● WHAT NEEDS TO BE DONE: Copy out the listing in full, exactly as written, but not its pictures.

● COLLECTED MATERIAL:

++++++++

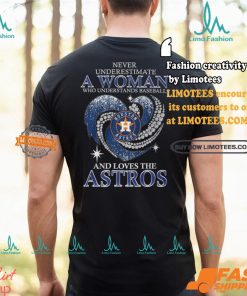 Never Underestimate A Woman Who Loves The Astros Shirt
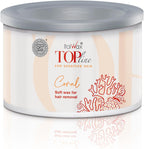 Italwax Top Line Coral - 397g / 14oz - Soft wax for hair removal - Uncented - Liposoluble syntetic formulation - Ideal for waxing all body area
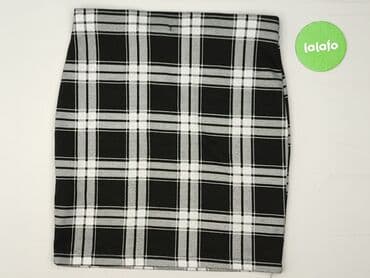 spódnice w kratę plus size: Janina, Spódnica damska, rozmiar XL — 4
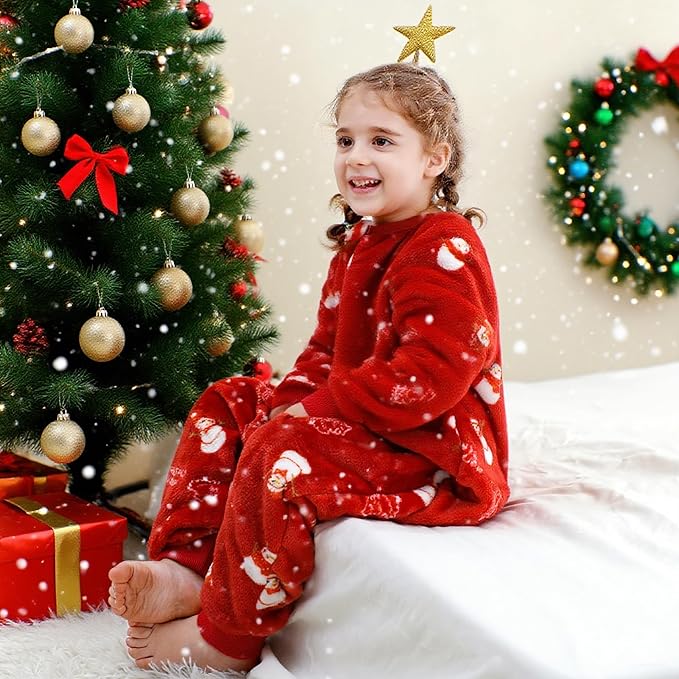 MICHLEY Toddler Flannel Sleeping Sack with Feet,Long Sleeve Baby Sleeping Bag 3-Way Zipper Super Warm Wearable Blankets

++++++++

● EXERCISE OUTPUT:
 Never Underestimate A Woman Who Loves The Astros Shirt
 Italwax Top Line Coral - 397g / 14oz - Soft wax for hair removal - Uncented - Liposoluble syntetic formulation - Ideal for waxing all body area
 spódnice w kratę plus size: Janina, Spódnica damska, rozmiar XL — 4
 MICHLEY Toddler Flannel Sleeping Sack with Feet,Long Sleeve Baby Sleeping Bag 3-Way Zipper Super Warm Wearable Blankets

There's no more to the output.